When seeking out child care, parents value two factors most frequently and in about equal measure: quality and affordability. But, with child care centers already operating at minimal profit, how can they maintain quality without also maintaining their prices?
More state assistance would help. Missouri ranks 38th in the nation in public pre-kindergarten funding, according to 2014 figures compiled by Raise Your Hands for Kids, a campaign working to pass an amendment to the state constitution that would raise Missouri’s tobacco tax rate with all revenue going directly back into improving the state’s early childhood education.
Carol Scott, CEO of Child Care Aware of Missouri, also thinks the system would benefit from a changing business model. “Most of the managers of these programs, they come into that job because they are the teacher who’s been there the longest when the last director has left,” Scott says. “They’re good at teaching young kids, designing a classroom and a curriculum. They don’t know business management in general, let alone financial planning.
“If you ask the majority of child care center directors, ‘What’s your break-even point on infants?’ they don’t even know what you mean,” Scott says.
Since the state makes it easier to open smaller centers than large ones, Scott says, she’s a proponent of bringing multiple smaller centers in an area together under one umbrella. Then, using organizations such as Child Care Aware to run the financial side of things, they can admit more students and cut down on revenue inefficiencies.
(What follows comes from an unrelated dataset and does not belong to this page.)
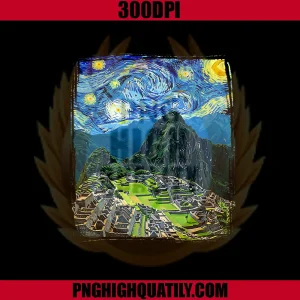 Machu Pichu Van Gogh Starry Night PNG, Cusco Peru Travel PNG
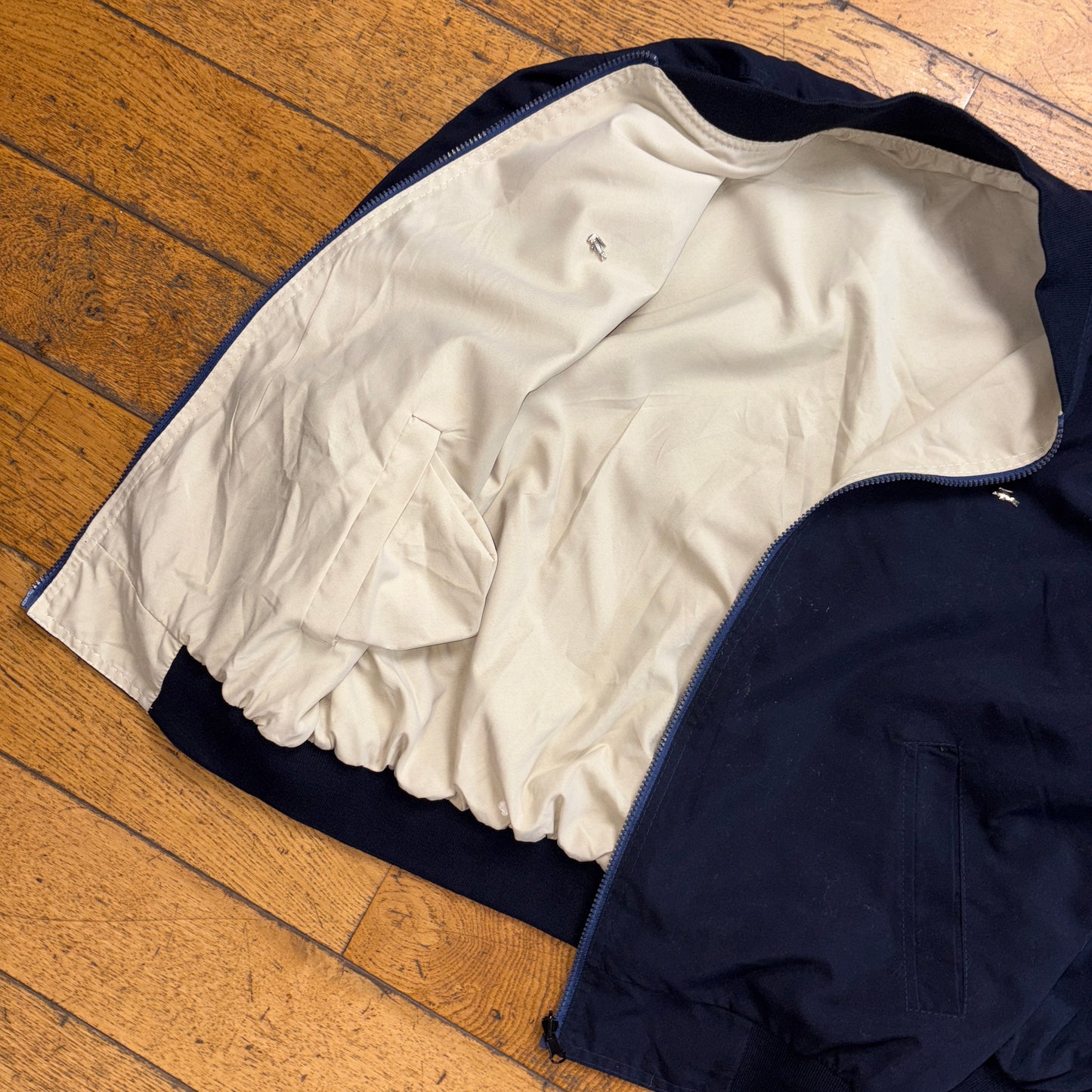 Vintage Lacoste Dark Navy Reversible Cream Bomber Jacket - L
A typical center runs at about 15 percent vacancy and 15 percent revenue loss through parents and the state not paying expected fees, Scott says, and consolidating and letting an agency with more financial know-how run the back office could cut those figures down to less than five percent.
“Then the director can start focusing on how good the teachers are and interacting with kids, which is what makes for a quality program,” Scott says.